Interestingly, this study also identified an independent DMR in the MHC region in CD4+ T cells as being associated with MS, specifically, a large hypermethylated DMR in RNF39. The biological relevance of this locus can only be speculated at this stage; however, it resides within the gene body and spans an intron/exon boundary, so it is plausible that hypermethylation is involved in aberrant expression of alternately spliced transcripts or a regulatory element for nearby genes. RNF39 is a poorly characterised gene. In rats, RNF39 encodes a protein that plays a role in the early phase of synaptic plasticity [14].
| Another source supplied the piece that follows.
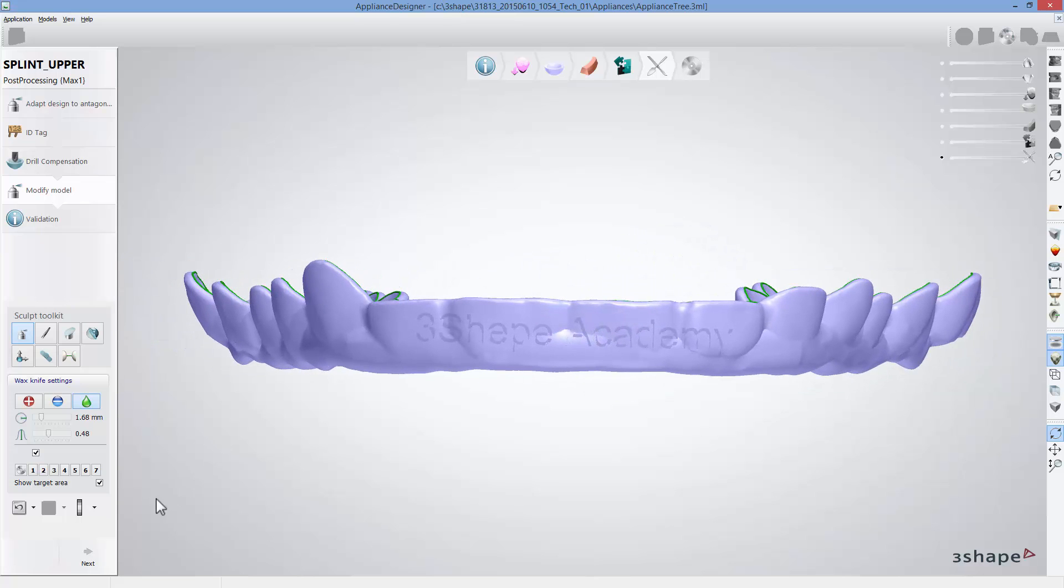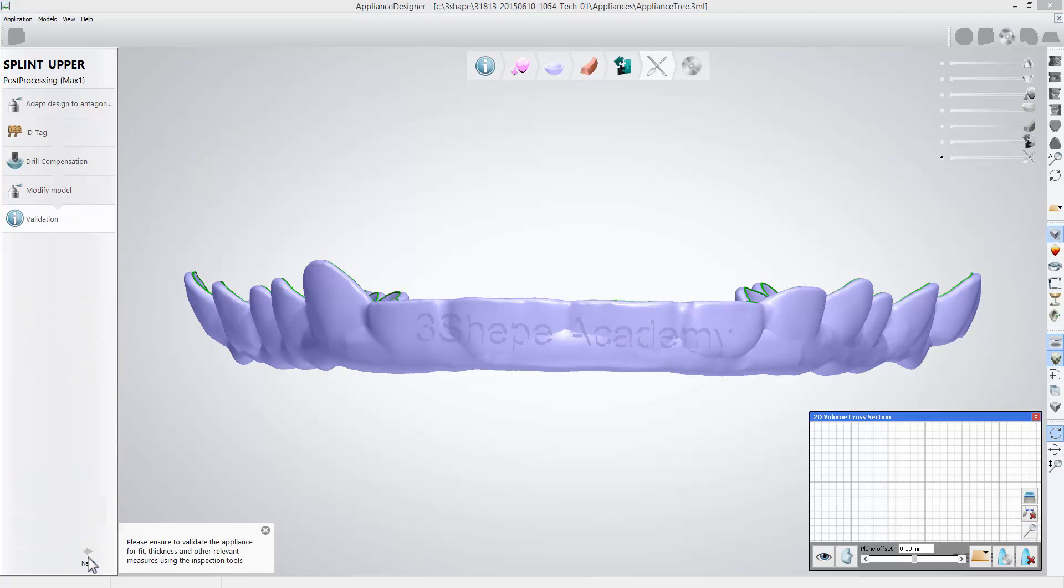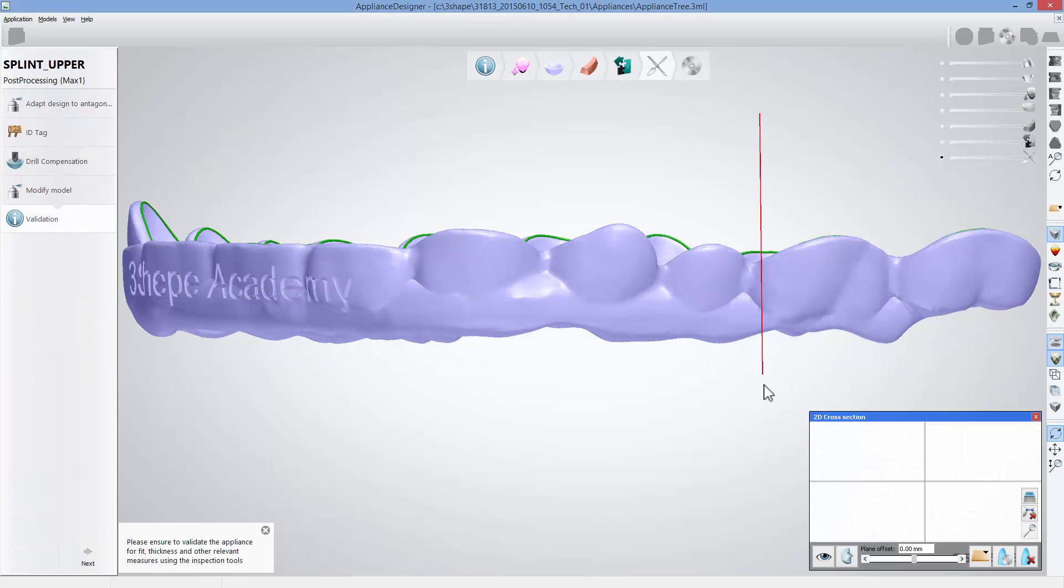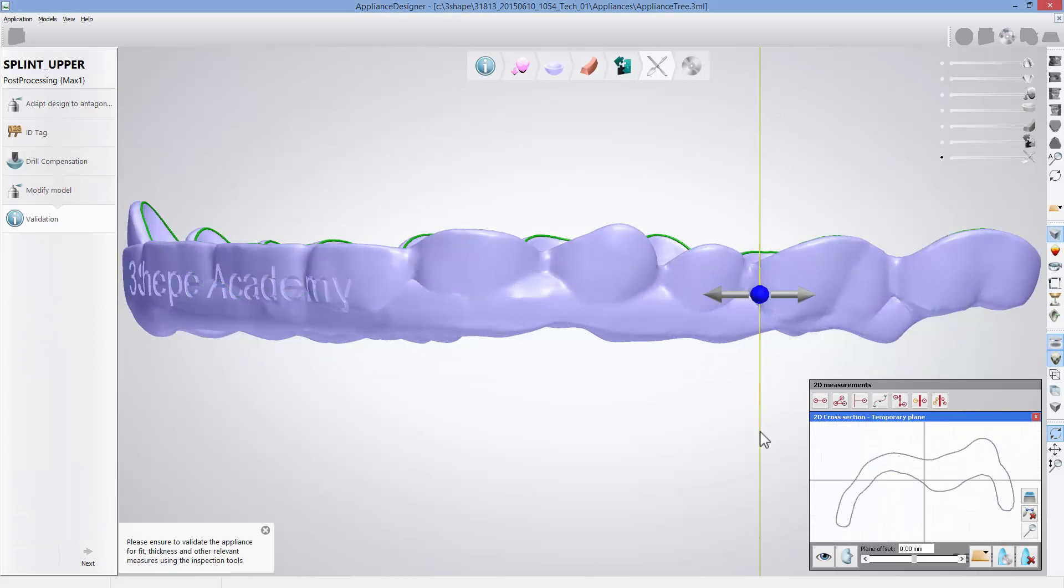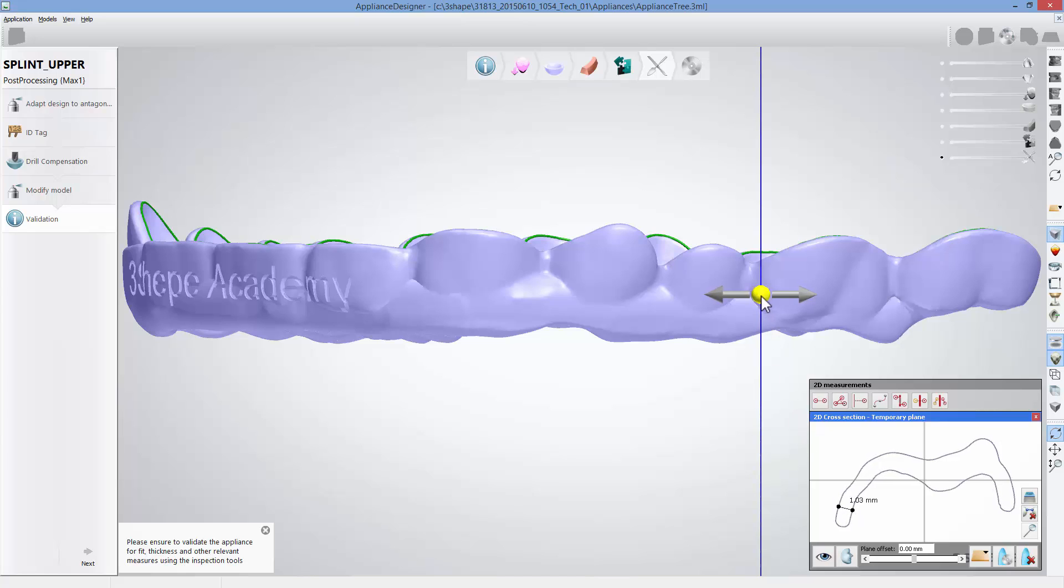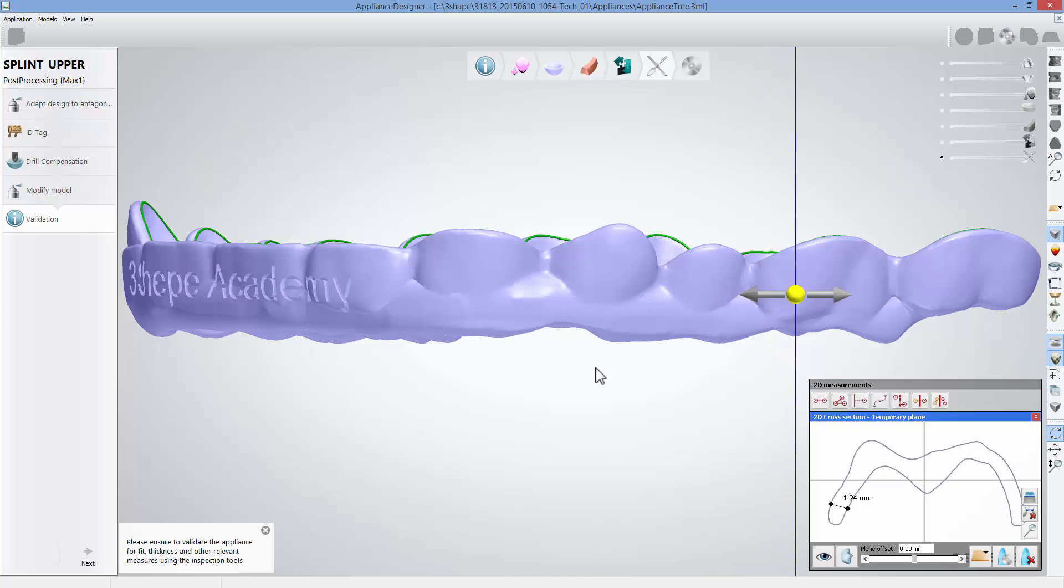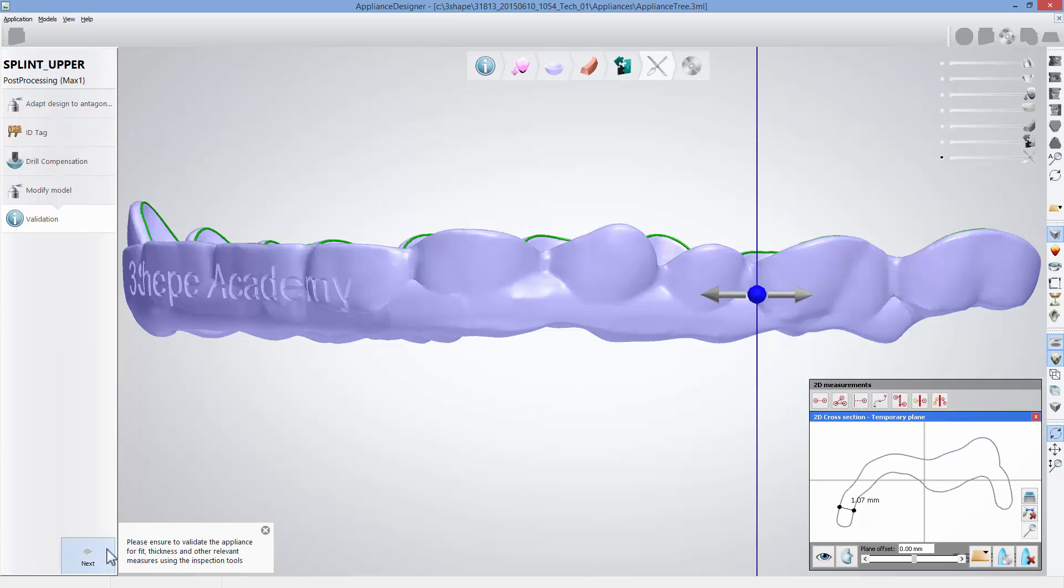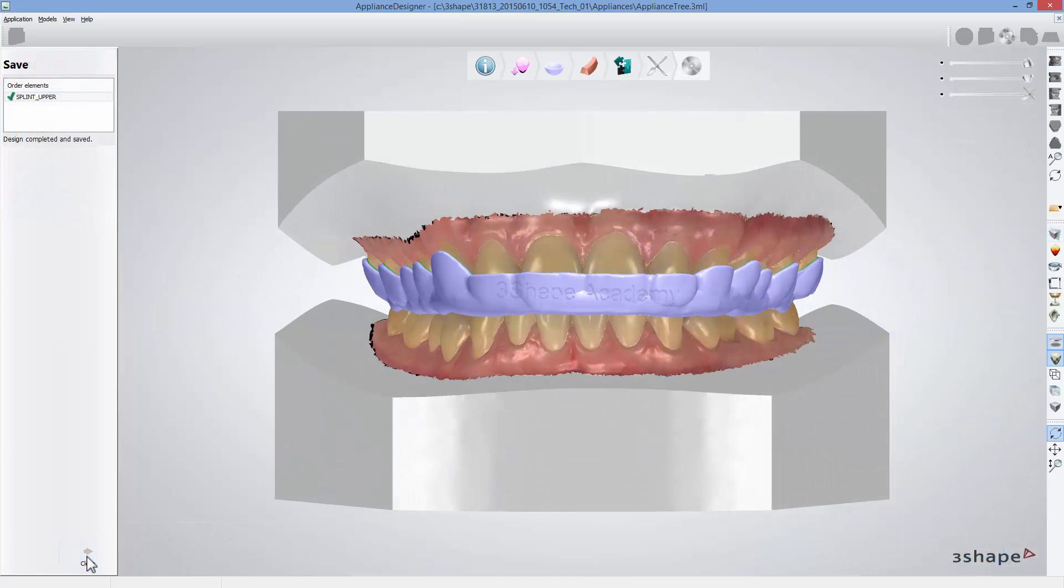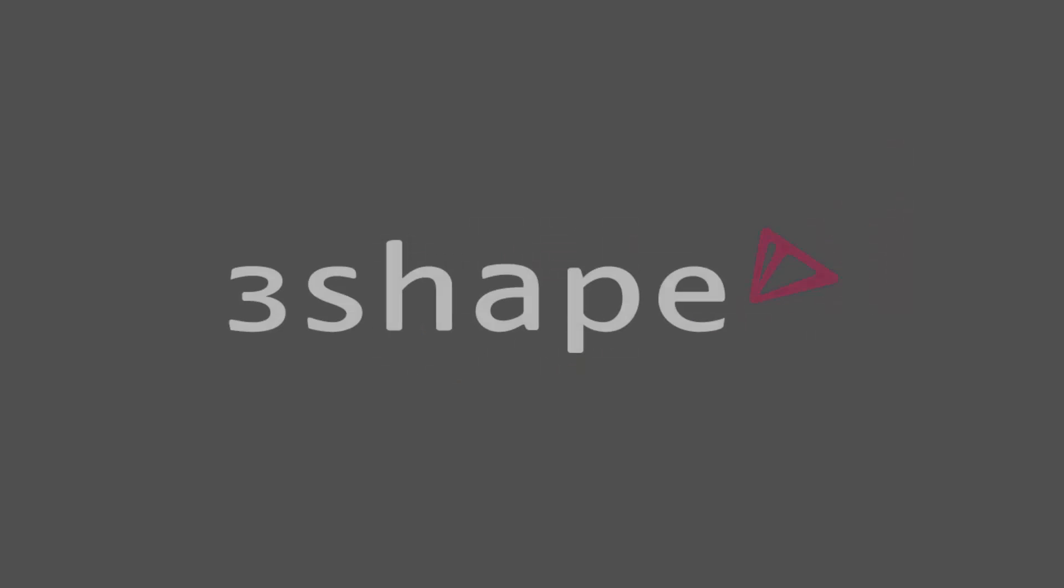When done, click next to move to the validation step and use 2D cross section to check if there is enough material thickness for the splint to be produced. After validating your design and making sure that everything is alright, click next to get to the save step. Then click close.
Interestingly, one of the sites identified in the RRMS cohort (cg10568066) was also identified in a recent study that investigated the role of CpG methylation sites and ageing [15]. RNF39 is also associated with other autoimmune conditions, such as Becet’s disease, a chronic relapsing inflammatory disease [16]. This study found a SNP near RNF39 associated with the disease, although the functional consequences of this are not yet known. In addition, hypermethylation of 11 CpGs sites within RNF39 was seen in naïve CD4+ T cells of patients with systemic lupus erythematosus (SLE) who had a history of discoid rash [17]. Furthermore, eight of these sites are the same sites as those we have identified in this study (cg10568066, cg12633154, cg13401893, cg10930308, cg03343571, cg13185413, cg09279736, cg00947782) and have similar Δbeta values to our RRMS cohort (meanRRMS = 0.13; meanSLE = 0.16) [17].

Although this study controlled for sex, age and treatment effects (as much as possible), there is a possibility that methylation at RNF39 may be under the influence of other factors that were not measured in this study, e.g., exposure to Epstein-Barr virus (EBV) and smoking. A search of the literature at the time of writing did not reveal any studies reporting an association of RNF39 methylation with known environmental risk factors of MS. However, one study did reveal an association with hepatitis B vaccination response [18] which suggests that future, larger scale studies of RNF39 and MS should attempt to include factors such as EBV as covariates in the analysis.

Conclusions

In conclusion, the findings from this study confirm our previous results at the MS risk locus HLA-DRB1 and also suggest hypermethylation in an independent MHC locus, RNF39, is also associated with MS. Taken together, our results highlight the importance of epigenetic factors at the MHC locus in MS independent of treatment, age and sex. Prospective studies are now required to discern whether methylation at MHC is involved in influencing risk of disease onset or whether the disease itself has altered the methylation profile.